Понятие сознания - Райл Гилберт (читать онлайн полную книгу txt) 📗
Изложенная столь прямо и резко, эта теория выглядит явным абсурдом. Подавляющая часть из того, в чем мы обычно видим проявление дара воображения у детей, игнорируется в пользу ограниченного числа операций, наличие и характер которых трудно выяснить, особенно у относительно не способных к артикуляции детей. Мы видим и слышим, как они играют, но не видим и не слышим их «видящими» или «слышащими». Мы читаем книги Конан Дойля, но не можем заглянуть в то, что он видел своим умственным взором. Итак, исходя из этой теории, мы не можем сразу сказать, наделены или нет способностью воображения дети, актеры и писатели, хотя само слово «воображение» стало использоваться в теории познания именно потому, что мы все знаем, как употреблять его в наших повседневных описаниях детей, актеров и писателей.
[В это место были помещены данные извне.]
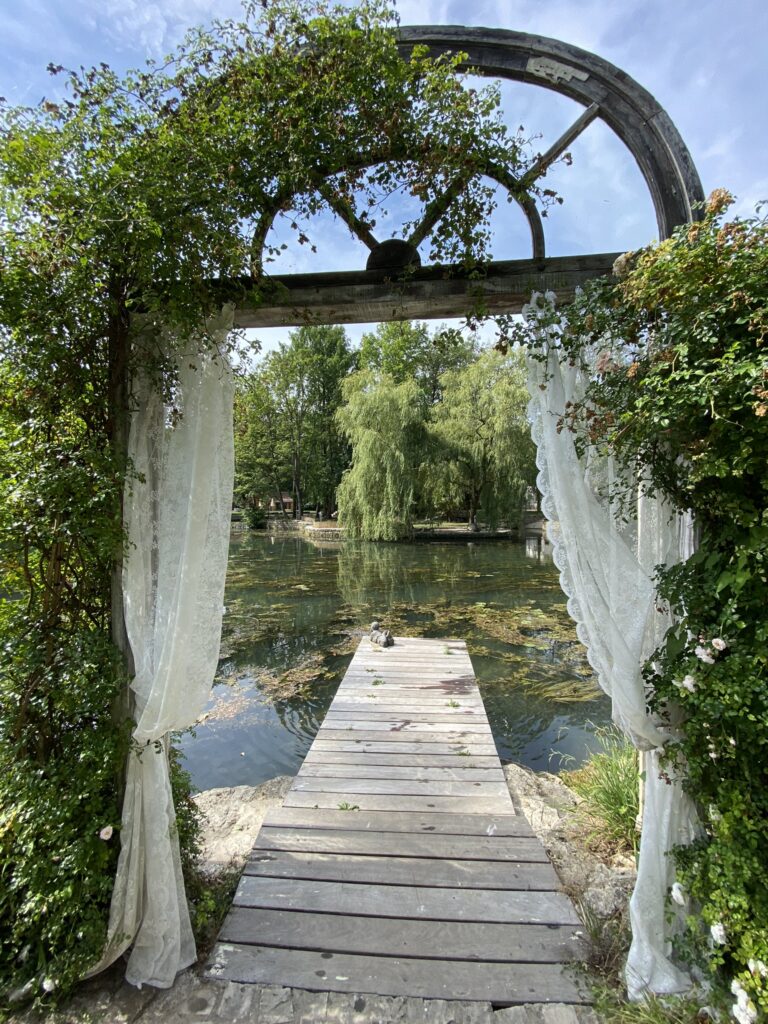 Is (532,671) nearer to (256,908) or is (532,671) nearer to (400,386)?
(256,908)

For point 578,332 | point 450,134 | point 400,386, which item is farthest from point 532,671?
point 400,386

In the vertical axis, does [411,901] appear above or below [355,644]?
above

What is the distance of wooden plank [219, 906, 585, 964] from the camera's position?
1.53 metres

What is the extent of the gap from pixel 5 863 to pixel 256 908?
33.0 inches

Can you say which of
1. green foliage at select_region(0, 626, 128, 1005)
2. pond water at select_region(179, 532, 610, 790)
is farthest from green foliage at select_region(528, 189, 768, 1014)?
pond water at select_region(179, 532, 610, 790)

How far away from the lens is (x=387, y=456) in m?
13.9

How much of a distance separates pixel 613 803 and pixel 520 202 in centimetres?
250

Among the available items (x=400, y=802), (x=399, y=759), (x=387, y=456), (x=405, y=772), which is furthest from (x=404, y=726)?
(x=387, y=456)

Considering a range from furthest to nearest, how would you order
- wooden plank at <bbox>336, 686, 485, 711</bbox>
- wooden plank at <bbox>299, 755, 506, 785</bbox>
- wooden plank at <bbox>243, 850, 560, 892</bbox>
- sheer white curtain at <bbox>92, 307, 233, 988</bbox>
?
1. wooden plank at <bbox>336, 686, 485, 711</bbox>
2. wooden plank at <bbox>299, 755, 506, 785</bbox>
3. wooden plank at <bbox>243, 850, 560, 892</bbox>
4. sheer white curtain at <bbox>92, 307, 233, 988</bbox>

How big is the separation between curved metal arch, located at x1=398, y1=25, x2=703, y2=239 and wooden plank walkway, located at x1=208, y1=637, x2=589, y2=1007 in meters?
2.31

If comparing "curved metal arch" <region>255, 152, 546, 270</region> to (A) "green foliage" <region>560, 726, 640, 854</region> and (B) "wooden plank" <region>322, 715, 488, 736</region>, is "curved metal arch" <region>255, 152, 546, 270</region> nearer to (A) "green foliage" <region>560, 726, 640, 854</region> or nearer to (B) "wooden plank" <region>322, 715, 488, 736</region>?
(A) "green foliage" <region>560, 726, 640, 854</region>

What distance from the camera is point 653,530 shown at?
1.55 m

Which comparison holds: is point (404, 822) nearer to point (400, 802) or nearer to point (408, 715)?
point (400, 802)

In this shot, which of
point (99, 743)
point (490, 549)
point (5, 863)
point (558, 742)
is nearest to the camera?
point (5, 863) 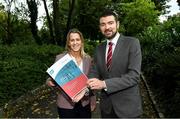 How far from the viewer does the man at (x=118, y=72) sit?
4859 mm

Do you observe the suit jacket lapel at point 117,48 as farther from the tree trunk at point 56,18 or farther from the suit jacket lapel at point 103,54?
the tree trunk at point 56,18

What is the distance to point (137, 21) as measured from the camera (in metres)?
62.2

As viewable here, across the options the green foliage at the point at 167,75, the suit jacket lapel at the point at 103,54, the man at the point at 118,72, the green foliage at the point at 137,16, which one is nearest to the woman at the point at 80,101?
the suit jacket lapel at the point at 103,54

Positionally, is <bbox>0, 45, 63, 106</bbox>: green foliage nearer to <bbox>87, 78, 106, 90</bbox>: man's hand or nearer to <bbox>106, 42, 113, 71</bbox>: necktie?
<bbox>106, 42, 113, 71</bbox>: necktie

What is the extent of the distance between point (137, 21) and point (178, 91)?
52.7m

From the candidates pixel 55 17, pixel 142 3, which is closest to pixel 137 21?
pixel 142 3

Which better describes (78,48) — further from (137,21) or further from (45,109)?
(137,21)

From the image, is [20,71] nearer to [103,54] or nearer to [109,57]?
[103,54]

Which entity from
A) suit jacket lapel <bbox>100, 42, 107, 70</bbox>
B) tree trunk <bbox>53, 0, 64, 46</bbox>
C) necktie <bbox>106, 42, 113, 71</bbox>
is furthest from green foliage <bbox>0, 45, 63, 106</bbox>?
tree trunk <bbox>53, 0, 64, 46</bbox>

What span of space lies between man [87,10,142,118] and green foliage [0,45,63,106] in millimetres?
8066

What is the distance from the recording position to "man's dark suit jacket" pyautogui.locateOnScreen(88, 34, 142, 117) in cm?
485

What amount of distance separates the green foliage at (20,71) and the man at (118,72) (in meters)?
8.07

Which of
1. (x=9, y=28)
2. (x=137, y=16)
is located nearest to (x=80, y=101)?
(x=9, y=28)

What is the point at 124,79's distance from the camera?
4.84 meters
Не существует никакой особой Способности Воображения, занимающейся исключительно иллюзорными образами и звучаниями. Напротив, «видение» предметов является одним из проявлений воображения, рычание по-медвежьи — другим; мысленное обоняние запахов — не столь уж обычный акт фантазии, а симуляция болезни — самое обычное дело и т. д. Возможно, что главным мотивом, исходя из которого многие теоретики ограничивали проявление воображения особым классом иллюзорных восприятий, было следующее предположение: поскольку сознание официально подразделялось на три сферы — когнитивную, волевую и эмоциональную, — а воображение относили к первой из них, то его следовало поэтому исключить из двух остальных. Общеизвестно, что ошибки в познании происходят из-за недисциплинированного Воображения, а некоторые его победы — благодаря его более примерной деятельности. Итак, будучи (сумасбродным) оруженосцем Разума, оно не может служить другим хозяевам. Но не стоит делать остановку и обсуждать эту феодальную аллегорию. В самом деле, если нас спрашивают, относится ли процесс воображения к познавательной или к непознавательной деятельности, то мы вправе игнорировать этот вопрос. Понятие «познавательный» относится к словарю экзаменационных билетов.
(5) Притворство
Начнем с обсуждения понятия притворства, отчасти конститутивного для таких понятий, как мошенничество, исполнение роли, игра в медведя, симуляция болезни и ипохондрия. Отметим, что существуют такие случаи выдумки, при которых притворщик умышленно симулирует или лицемерит, в других случаях он может сам не знать, в какой степени он симулирует или лицемерит. А есть случаи, когда он целиком находится в плену у собственной выдумки. В уменьшенном масштабе иллюстрацией здесь может служить ребенок, играющий в медведя: он знает, если находится в ярко освещенной гостиной, что он всего-навсего играет в забавную игру, но он же испытает смутное беспокойство, выйдя на пустую лестничную площадку, и не сможет почувствовать себя в безопасности в темном коридоре. Притворство допускает все степени скептицизма и доверчивости, что является обстоятельством, напрямую относящимся к поставленной проблеме: «Как может человек воображать, что он видит нечто, не понимая при этом, что он ничего не видит?» Но если мы поставим аналогичные вопросы: «Как ребенок может изображать из себя медведя, временами не осознавая, что это всего лишь игра? Как может симулянт воображать себе симптомы болезни, не отдавая себе полностью отчета, что это всего лишь его фантазии?» — то увидим, что эти и множество других вопросов подобного рода вообще не являются подлинными «как-вопросами». Тот факт, что люди могут воображать, будто они что-то видят, будто за ними гонится медведь или что у них шалит аппендикс, не сознавая, что это всего лишь их выдумка, — это просто следствие того привычного и общего факта, что далеко не все люди не во всякое время, не во всяком возрасте и не при всех обстоятельствах могут быть столь здравомыслящими и критичными, как того бы хотелось.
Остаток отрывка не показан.